Joe himself progressively risked more and more. As his pieces got more complex and profound, they took longer to write. In 1964, after writing his masterpiece,
Joe Gould's Secret
, he undertook a work so labyrinthine and deep that at his death it was still not finished. Much has been made of the fact that Joe didn't publish anything for thirty years. To his friends this was not remarkable; it was simply another sign of Joe's seriousness about writing. During his period of patient struggle with unimaginably daunting artistic problems, Joe retained the gaiety, charm, and lovableness of his days on the lower slopes of literature. If there was an unkind word ever spoken about Joe, the person who uttered it must have been mad or thinking of someone else.

THOUGHTS ON
 AUTOBIOGRAPHY FROM
 AN ABANDONED AUTOBIOGRAPHY

2010

I have been aware, as I write this autobiography, of a feeling of boredom with the project. My efforts to make what I write interesting seem pitiful. My hands are tied, I feel. I cannot write about myself as I write about the people I have written about as a journalist. To these people I have been a kind of amanuensis: they have dictated their stories to me and I have retold them. They have posed for me and I have drawn their portraits. No one is dictating to me or posing for me now.

Memory is not a journalist's tool. Memory glimmers and hints, but shows nothing sharply or clearly. Memory does not narrate or render character. Memory has no regard for the reader. If an autobiography is to be even minimally readable, the autobiographer must step in and subdue what you could call memory's autism, its passion for the tedious. He must not be afraid to invent. Above all, he must invent himself. Like Rousseau, who wrote (at the beginning of his novelistic
Confessions
) that “I am not made like anyone I have ever been acquainted with, perhaps like no one in existence,” he must sustain, in spite of all evidence to the contrary, the illusion of his preternatural extraordinariness.

Since one of the occupational hazards of journalism is the atrophying (from disuse) of the journalist's powers of invention, the journalist who sets out to write an autobiography has more of an uphill fight than other practitioners of the genre. When one's work has been all but done—as mine has been for more than a quarter of a century—by one brilliant self-inventive collaborator after another, it isn't easy to suddenly find oneself alone in the room. It is particularly hard for someone who probably became a journalist precisely because she didn't want to find herself alone in the room.

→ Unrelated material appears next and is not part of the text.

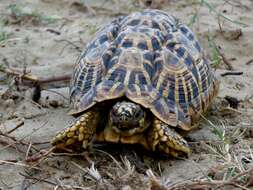 Image of Typical Tortoises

Another obstacle in the way of the journalist turned autobiographer is the pose of objectivity into which journalists habitually, almost mechanically, fall when they write. The “I” of journalism is a kind of ultra-reliable narrator and impossibly rational and disinterested person, whose relationship to the subject more often than not resembles the relationship of a judge pronouncing sentence on a guilty defendant. This “I” is unsuited to autobiography. Autobiography is an exercise in self-forgiveness. The observing “I” of autobiography tells the story of the observed “I” not as a journalist tells the story of his subject, but as a mother might. The older narrator looks back at his younger self with tenderness and pity, empathizing with its sorrows and allowing for its sins. I see that my journalist's habits have inhibited my self-love. Not only have I failed to make my young self as interesting as the strangers I have written about, but I have withheld my affection. In what follows I will try to see myself less coldly, be less fearful of writing a puff piece. But it may be too late to change my spots.